I have a paper entitled "PLGA nanoparticles prepared by nanoprecipitation: drug loading and release studies of a water soluble drug " published by Govender et al. in Journal of Controlled Release and found it to be helpful for answering your question.
In the mentioned study they made nanoparticles of water soluble drug (procaine HCl), however, the first technique they used suffered from precipitation of the drug and incomplete incorporation into the nanoparticles. They have investigated different approaches to overcome this drawback:
Approaches investigated for drug incorporation efficiency enhancement included the influence of aqueous phase pH, replacement of procaine hydrochloride with procaine dihydrate and the inclusion of excipients: poly(DL-lactide) (PLA) oligomers, poly(methyl methacrylate-co-methacrylic acid) (PMMA–MA) or fatty acids into the formulation.

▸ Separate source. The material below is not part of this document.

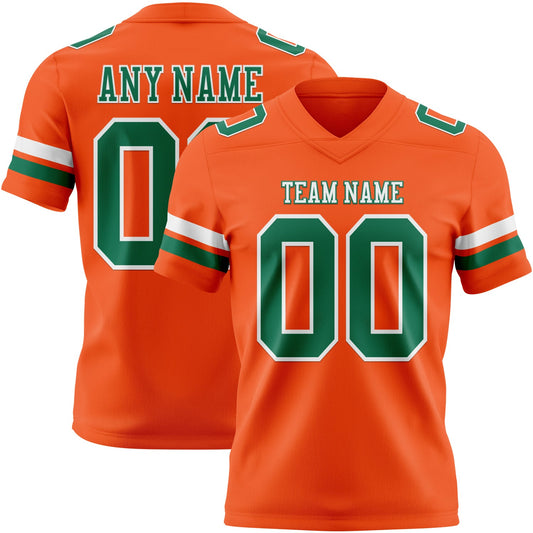 Custom Orange Kelly Green-White Authentic Football Jersey - Main View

I suggest you read this paper (attached) which may help you to solve the problem with your nanoparticles.
Drug precipitation from nanoparticles could be one of these possibilities: insufficient surfactant added to solubilize the drug, the medium pH needs to be adjusted for maximum solubility, insufficient polymers and saturation solubility of the drug in the solvent systems used.
it has to be treated case by case, so more information on the drug, polymer concentrations, more insights I can get to guide you through.
You need to provide more information. What is your method of preparation, how about drug solubility in organic or aqueous phases, did you use TEM to check whether the precipitate that you see is drug or it is coming from larger, micro-sized particles that were also formed? Also if you're relying only on dynamic light scattering (DLS) (e.g. malvern zetasizer, Brookhaven nanosizer, ..etc) to make sure that you actually have nanoparticles, this may not be enough. You need (have to) use TEM (or SEM) to confirm it.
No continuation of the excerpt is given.